▶ **Task details**
What you return should be the complete listing, unchanged, with no pictures in it.

▶ **Source data**
· · ·
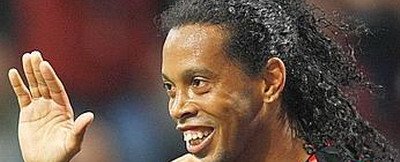 Ronaldinho: Este golul pe care l-am promis / Ibrahimovic: A castigat arbitrul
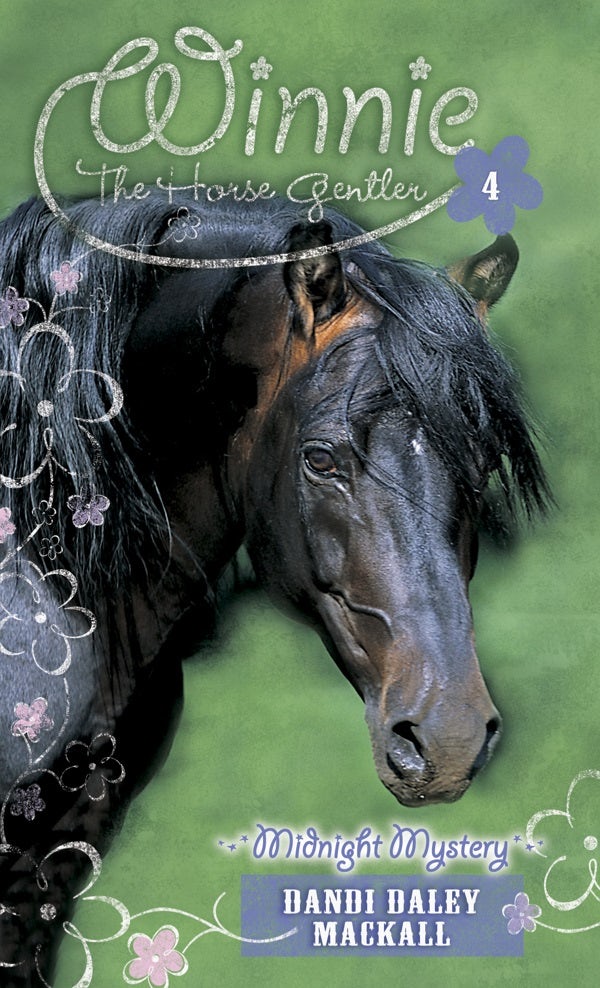 Cover image for Midnight Mystery, isbn: 9780842355452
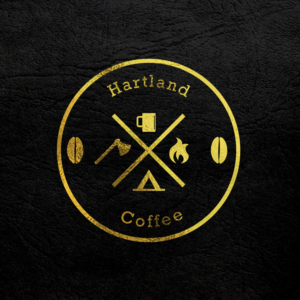 Logo Design by MK digital for Hartland Coffee Co. | Design: #20363407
· · ·
▶ **Output**
 Ronaldinho: Este golul pe care l-am promis / Ibrahimovic: A castigat arbitrul
 Cover image for Midnight Mystery, isbn: 9780842355452
 Logo Design by MK digital for Hartland Coffee Co. | Design: #20363407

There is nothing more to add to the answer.